We described a promising scheme for discovery of potential protein biomarkers using various in silico tools along with evidence-based literature search. This strategy mined nine proteins as potential circulatory biomarkers for GBM. To evaluate their biological role and impact as credible potential biomarkers, these proteins were assessed through reported experimental confirmations and literature study.
The study mined contactin-2 (CNTN2) as a secretory protein which is a neural-specific glycoprotein found in exosomes and involved in neurodevelopment (Marell et al. 2019). Interestingly, CNTN2 RNAi inhibits the proliferation of U87-Glioma stem cells and substantially reduces the expression of epidermal growth factor receptor and HES1, a Notch-targeting gene (Guo et al. 2017). CNTN2 is also associated with maximum level in the oligodendrogliomas that is also considerably increased in high-grade glioma tissues in contrast to low grade glioma tissues (Yu and Fu 2015). Similarly, human glioma cell lines (LN-18, U-118 MG, SW1783 and SW1088) showed upregulation of CNTN2 protein as compared to normal human astrocytes (NHA) (Yan and Jiang 2016). Being a crucial activator of RTK/ Ras/MAPK signaling pathway in glioma cells, CNTN2 increase the activity of RTKs that give rise to signals through Ras/MAPK cassette, resulting in GBM and other cancers (Wan et al. 2006, Carracedo et al. 2008).
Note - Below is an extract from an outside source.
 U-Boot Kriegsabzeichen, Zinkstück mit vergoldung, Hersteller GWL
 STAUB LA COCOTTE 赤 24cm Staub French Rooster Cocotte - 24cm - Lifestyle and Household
Inhibition of the CNTN2 and subsequently of RTK/ Ras/MAPK signaling pathway may repress the progression of GBM. Since overexpression of CNTN2 protein has been confirmed in GBM cells and tissues but no evidence in secretome of GBM, therefore the current in silico analysis, suggests CNTN2 as a potential circulating protein indicative of GBM.
Another physiologically important protein, LY6H is also predicted as a secretory protein. It belongs to LY6 gene family of proteins located on human chromosomes 6, 8, 11, and 19. The LY6 family members such as LY6D, LY6E, LY6K and LY6H are positively correlated with poor outcome on patient survival in multiple cancer types (Luo et al. 2016). An over expression of LY6H mRNA has also been detected in GBM tissues compared to normal brain (Lee et al. 2006). A direct interaction of LY6H with prostate stem cell antigen (PSCA), a unique biomarker for grade III-IV gliomas (Geiger et al. 2011), is predicted in our study (Fig. 3A), which indicates the involvement of LY6H in mediating the cellular mechanisms leading to progression of gliomas. In conclusion, the deregulated gene expression of LY6H at mRNA level, its oncogenic potential, secretory nature and interaction with GBM biomarker i.e. PSCA, encourages to identify the protein expression of LY6H in the GBM cells secretome and body fluids of GBM patients, for its confirmation as a viable circulating diagnostic protein.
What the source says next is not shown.